Dr. Frank B. Ryan, a National Football League quarterback turned computer expert, quietly resigned yesterday as director of the House Information Systems.
Ryan, 40, who held the job since Arpil, 1971, announced his resignation in a letter to Rep. Frank J. Thompson Jr. (D-N.J.), chairman of the House Administration Committee. The committee has jurisdiction over the computer operation.
Ryan said in an interview that his "main reason" for resigning was to "move on to other things." He said he felt he had "sort of reached a plateau" in the job. He is said to have played a major role in introducing computer technology to Capitol Hill.

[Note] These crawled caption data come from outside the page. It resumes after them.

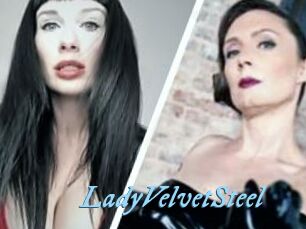 LadyVelvetSteel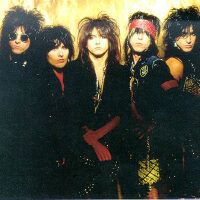 L.A. Guns圖片照片_L.A. Guns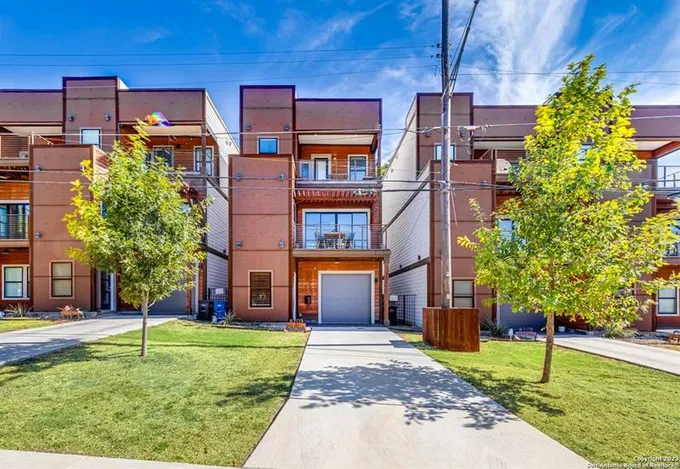902 Montana #103, San Antonio, TX 78203 for Sale
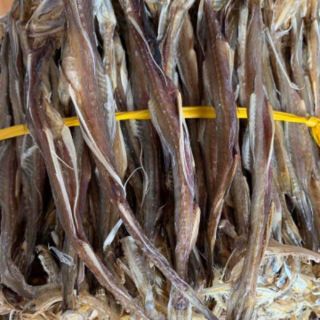 500G KHÔ CÁ KHOAI LỚN CÀ MAU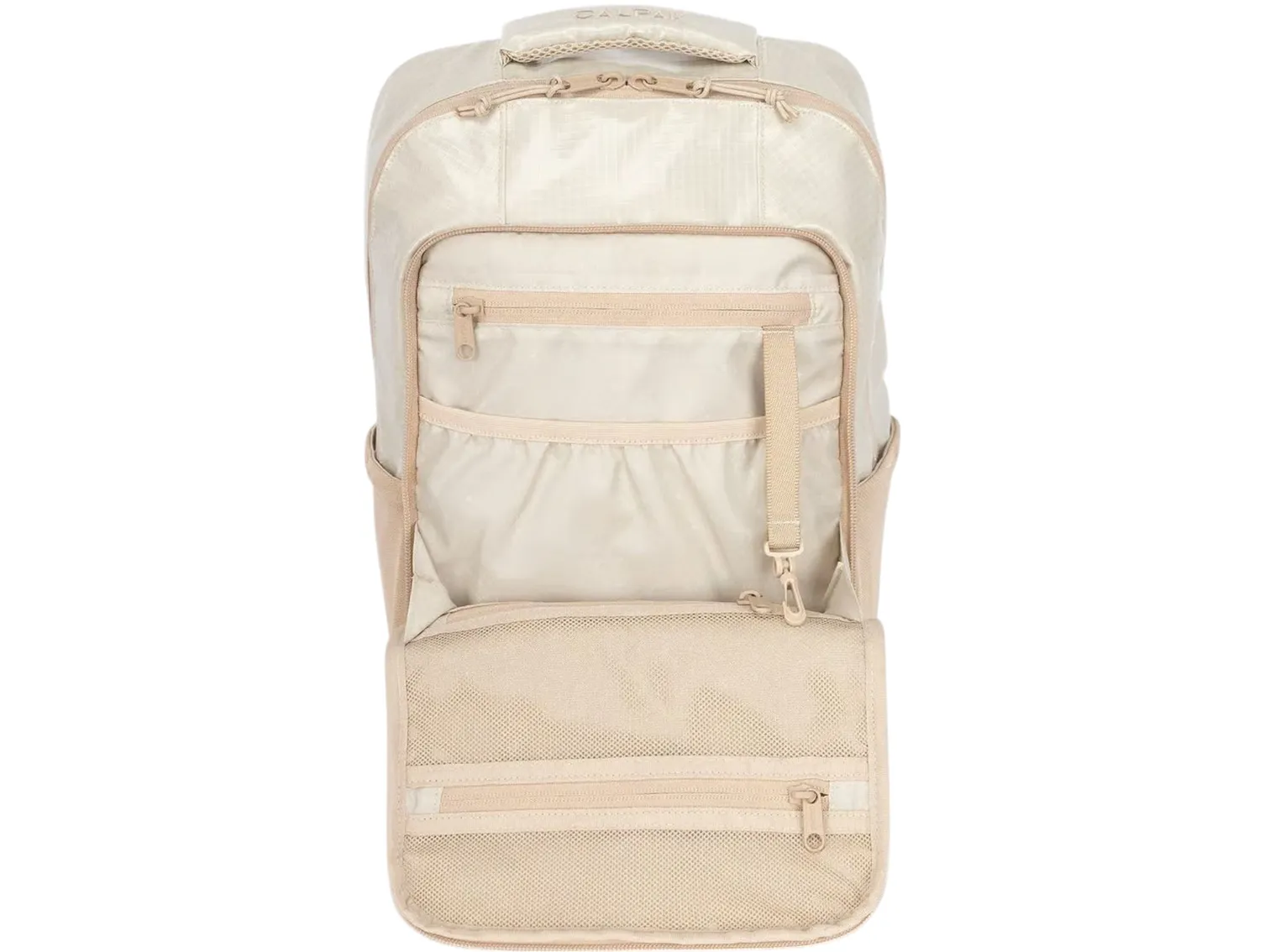Terra Laptop Backpack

However, the resignation was marked by rumors of political maneuvering on Thompson's part. It came in the wake of two House-commissioned studies that were critical of the operation.
Ryan's job has temporarily been taken over by Boyd Alexander, former director of computer services at the Office of Management and Budget.
Thompson deferred comments on the matter to Rep. Charles Rose (D-N.C.), chairman of the committee's Policy Group on Information and Computers, which sets policy for HIS.
Rose dismissed allgations that politics were involved in Ryan's departure.
"Chairman Thompson wanted Frank Ryan and his staff to attemp to correct some of those problems that were pined out' in the House-commissioned studies, Rose said.